Had a few questions with regards to our requirements:
How can I Is there some TileDB cloud functionality that can help me in this regard? Or is my only option here to have a standalone beefy server serving the database?
If I do have a single server, how do I configure the size of the server/TileDB configuration parameters such that the server doesn’t time out for a certain number of requests/threads i.e. how should I select parameters like py.init_buffer_bytes, sm.mem_total_budget, etc. I’ve noticed that when running queries my server can crash.
With regards to security, I’m thinking that an attribute called role can be stored within a cell, or I can design some logic in the API code using some traditional RDBMS solutions. Was just curious about this
Realize this is a long-winded/open-ended question but any guidance here would be amazing.
Thanks for the post and questions. I definitely think there are multiple options to achieve your goals. Please see my comments below, and in addition I sent you an email to setup a call to reconnect and discuss more.
How can I Is there some TileDB cloud functionality that can help me in this regard? Or is my only option here to have a standalone beefy server serving the database?
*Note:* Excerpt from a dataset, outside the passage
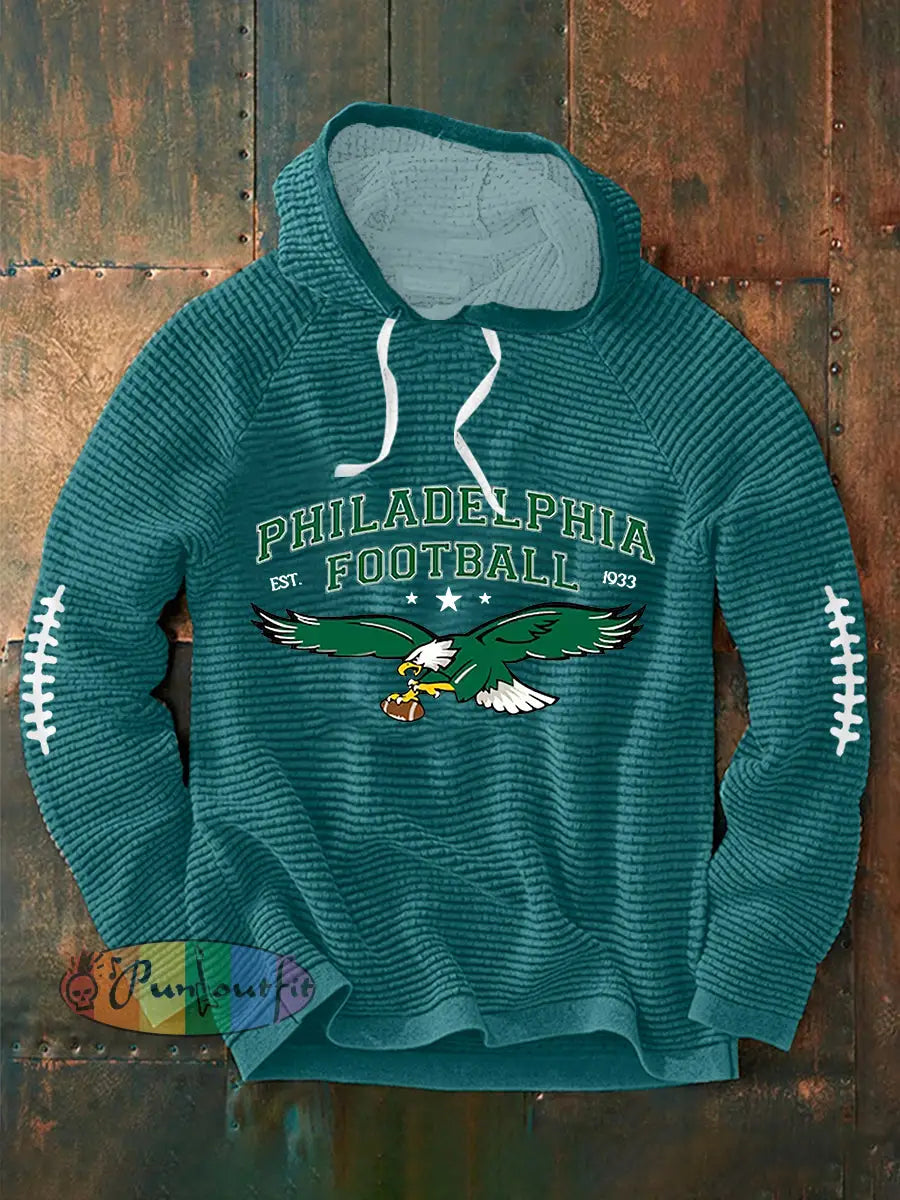 Men’s Football Fans Lovers Gameday Casual Waffle Hoodie Blue-Green / S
TileDB Cloud is designed with this use case in mind. TileDB Cloud handles queries in a serverless and elastic manner. It scales out automatically and handles the load of the queries. This means you can have lightweight clients that only have to deal with the results of your query. TileDB Cloud manages the memory allocations and handling incomplete queries serverside based on memory resources.
If I do have a single server, how do I configure the size of the server/TileDB configuration parameters such that the server doesn’t time out for a certain number of requests/threads i.e. how should I select parameters like py.init_buffer_bytes, sm.mem_total_budget, etc. I’ve noticed that when running queries my server can crash.
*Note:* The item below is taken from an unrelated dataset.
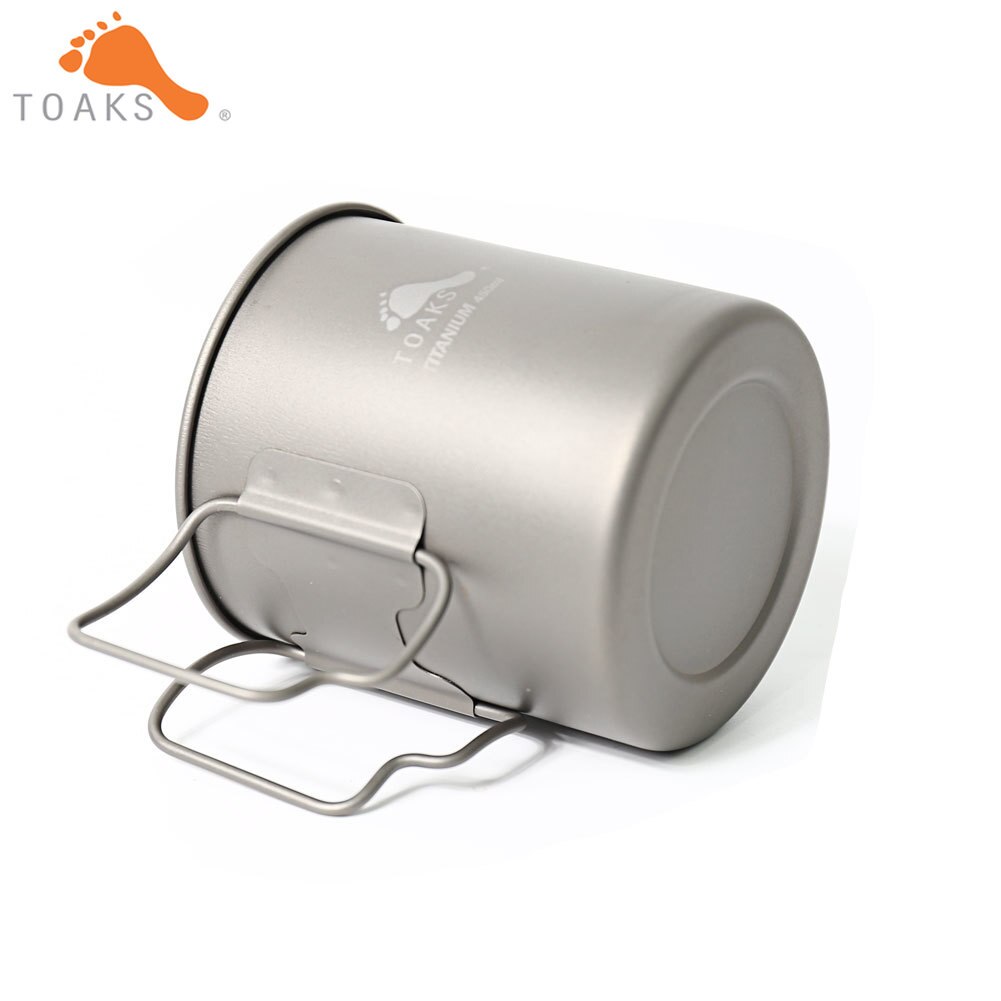 TOAKS CUP-450 Pure Titanium Cup Ultralight Outdoor Mug without Lid and Foldable Handle Camping Tableware 450ml 60g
If you were running a single server, you are right that you need to manage the python memory budgets and the TileDB Embedded memory budget parameters. You have to also consider a total memory budget for the server, and restrict the number of running queries based on that. TileDB Cloud offers this built in and also offers the infrastructure scaling and retries capabilities backed in.
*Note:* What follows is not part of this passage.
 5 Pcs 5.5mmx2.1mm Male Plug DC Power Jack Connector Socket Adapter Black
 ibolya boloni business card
With regards to security, I’m thinking that an attribute called role can be stored within a cell, or I can design some logic in the API code using some traditional RDBMS solutions. Was just curious about this
An attribute called ‘role’ would be one option, and you can apply a query condition on this. We are working on a feature called “fine grained access control” that we will enable via a new concept called “Array Views” that will allow you to restrict a query to a specific subset of the data and limit its ranges and attributes. This is a feature we are expected to release over the next few months. I believe this feature will greatly simplify your proposed restrictions and desire to limit what data a user can access.